Yes, you guessed it. Publishing recipes and cookbook writing started to rumble around in my mind. Now I’ve put together some of my favorite recipes with short stories. The idea is no longer on the back burner.
You are getting a sample of that book here on this site.
The good recipe...
Mrs. Dash Garlic & Herb Salt Free Spice
1 tbsp. Smart Balance (no Trans-fat) margarine, or butter.
½ Cup Water
1 Cup Pineapple or Mango chunks (optional)
Steam a pot of rice while you cook the meat. Start the rice first so you can time it to finish about the same time as the meat.
Steam some vegetables.
Spray a medium frying pan with a light coating of no-stick (optional).
Heat the pan on high, and then add the steak.
Allow the fish to sear but do NOT turn the fish over. When the meat begins to turn white from the bottom up, reduce the heat to medium.
Add water and margarine or butter.
Sprinkle a thick coating of Mrs. Dash Garlic & Herb over entire top of fish.
Cover and let the fish cook. Check it occasionally, watching for when the fish turns completely white. It will be done in about five minutes. Spoon the pineapple or mango chunks into the sauce about a minute before the fish is done.
Test with a fork to make sure the inside of the fish is also white. Do not overcook. By this time the water, margarine and spices will have cooked down to a thicker sauce. If not, you can continue to allow the sauce to thicken to your preference after the meat is removed. Immediately drizzle sauce over the fish and rice and side dishes for added flavor.
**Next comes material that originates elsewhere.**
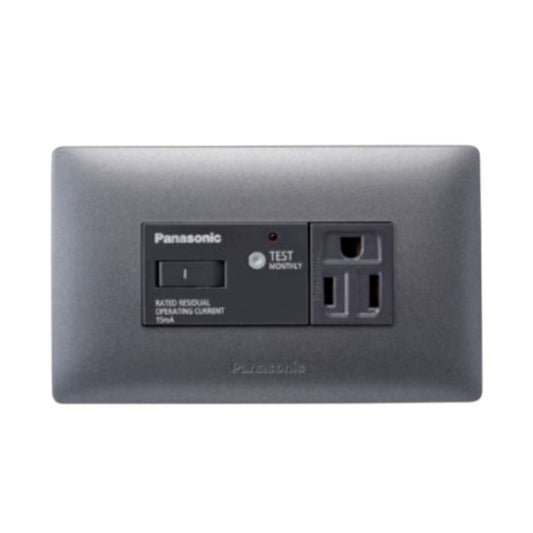 Panasonic EL Guard Grounding Receptacle Slim Art power outlet with test switch in gray finish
NOTE: This recipe works with a slab of any kind of fish, but not too well with thin fillets, which take only a minute or so to cook.
When cooking for more than one person, add more margarine proportionately; increase the fruit, and add more water sparingly, just enough to make the quantity of sauce you need.
Publishing recipes and cookbook writing can be a lot of fun. You might have already considered such a project if you’ve chosen to read these recipe pages.
It was a bit of work for me to put some of my recipes together. My grandmother used to pinch a little of this and a little of that. Try writing recipes or publishing recipes described that way.
A cookbook reader would need a sense of humor, however, to tolerate some of the stories I’ve written with my recipes. Watch for more.
A short story or two is still needed to finish my cookbook writing. But I’ll be publishing recipes here.
Oh yes, I neglected to photograph while writing recipes. So pictures could eventually show up on this site as well.
If you’re interested in publishing recipes or cookbook writing, think about how you might bring your project to fruition, maybe on your own Web site.
Oh, and don’t forget, I would love to hear about you publishing recipes, but if you try one of mine, let me know how you liked it.